Since 1980, the government has also been extending assistance, mainly credit, to the private sector, which had received little or no assistance from previous post-colonial governments. This sector accounts for some 80 percent of Algeria’s farmers and 60 percent of the country’s agricultural land. It mainly comprises traditional dryland farmers who grow cereals on small landholdings. Their holdings are primarily located on marginal lands characterized by unfavorable slopes, poor soils and unreliable rainfall, but the private sector also includes modern entrepreneurs who produce market vegetables and other high-value crops on irrigated holdings.

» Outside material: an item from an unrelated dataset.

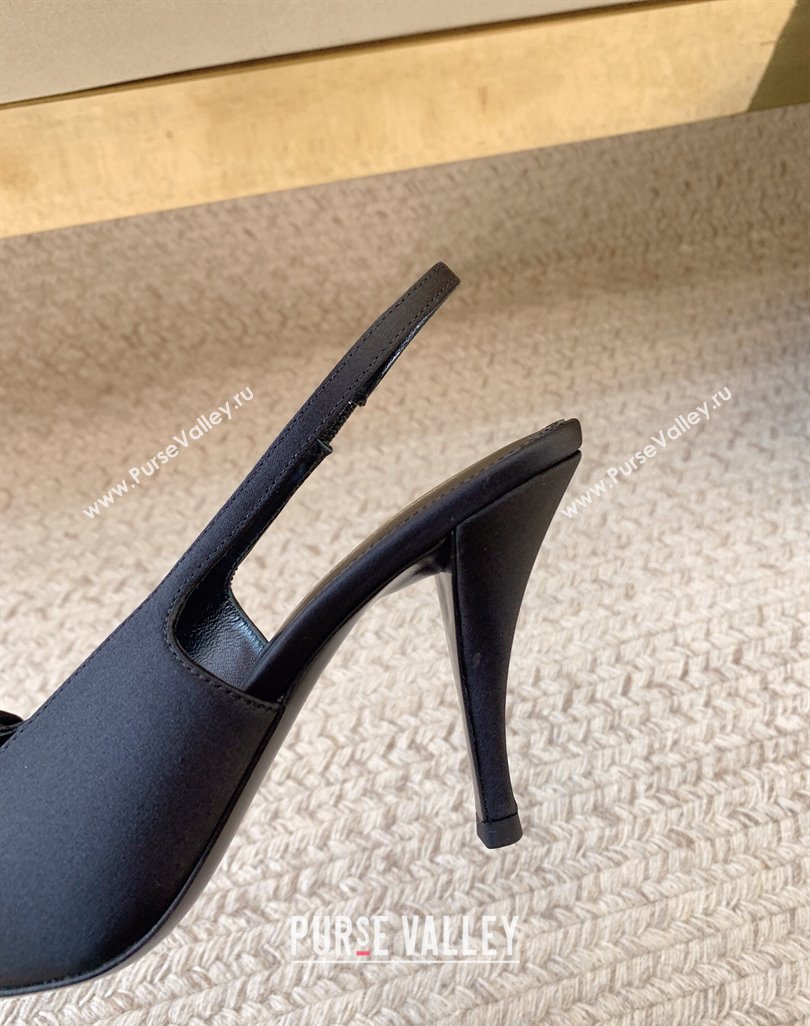 Saint Laurent Heel 9.5cm sadie slingback pumps in crepe de chine 763032 Black 2024 (modeng-24032156)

To facilitate loans to this sector, the government established the Banque de l’Agriculture et du Developpement Rural in 1982, which now has some 300 branches and offers loans at subsidized interest rates (2.5 to 5 percent). [8] Responsiveness to credit availability is reflected in rapidly increasing private purchases of agricultural machinery. Tractor purchases, for example, increased from virtually none during the 1971-1977 period to 1,321 in 1980 and 5,383 in 1983. [9] In 1983, the Algerian government issued a law that abrogated prior restrictions on private land transactions and also established an ambitious homesteading program. [10] Homesteaders are given start-up loans and various subsidies. And in exchange for putting previously undeveloped state land into production, homesteaders are granted property rights to the land. This program is expected eventually to subsume some 800,000 hectares. Most allotments are fairly small (under three hectares), and most have been on steppe and desert lands in Algeria’s south. The aim is to expand Algeria’s agricultural acreage, increase the nation’s food production, combat rural-to-urban migration and counterbalance excessive urban development along the northern coast.

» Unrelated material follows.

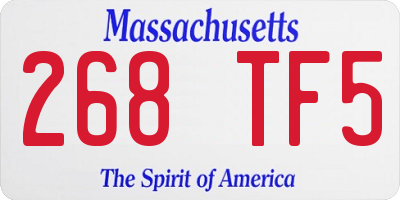 MA license plate 268TF5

In 1984, the government announced a comprehensive development plan to increase cultivated area, raise agricultural yields and mobilize water resources for irrigation. The aim is to bring up to 2 million hectares of “new” land into production by the end of the 1990s through homesteading and by reducing the acreage left fallow each year. The plan also calls for mechanization, the introduction of high-yield seeds, and better cultivation techniques to increase crop yields. The 1985-1989 plan, for example, called for the purchase of over 45,000 tractors and 4,600 combine-harvesters. Finally, the government plans to roughly triple the country’s irrigated acreage by the year 2000, to nearly one million hectares.

The Crisis Worsens

Since 1980 the government has been engaged in an all-out effort to increase food production through aggressively restructuring the state agricultural sector and embracing the large private sector.

Have these initiatives been successful? Wheat and barley are the country’s staple food crops. These cereals are consumed primarily as bread and couscous. Cereals account for nearly two thirds of the daily caloric intake of the average Algerian, and more than 80 percent for the poorest urban classes. [11] Cereal production figures thus provide good insight into the country’s food security situation. Average annual cereal production during the period 1982-1989 was 10 percent less than that during the war years of 1954-1961. [12] The failure is even more striking in terms of per capita production, which has decreased 59 percent, from an annual average of 214 kilograms per person to only 87 kilograms.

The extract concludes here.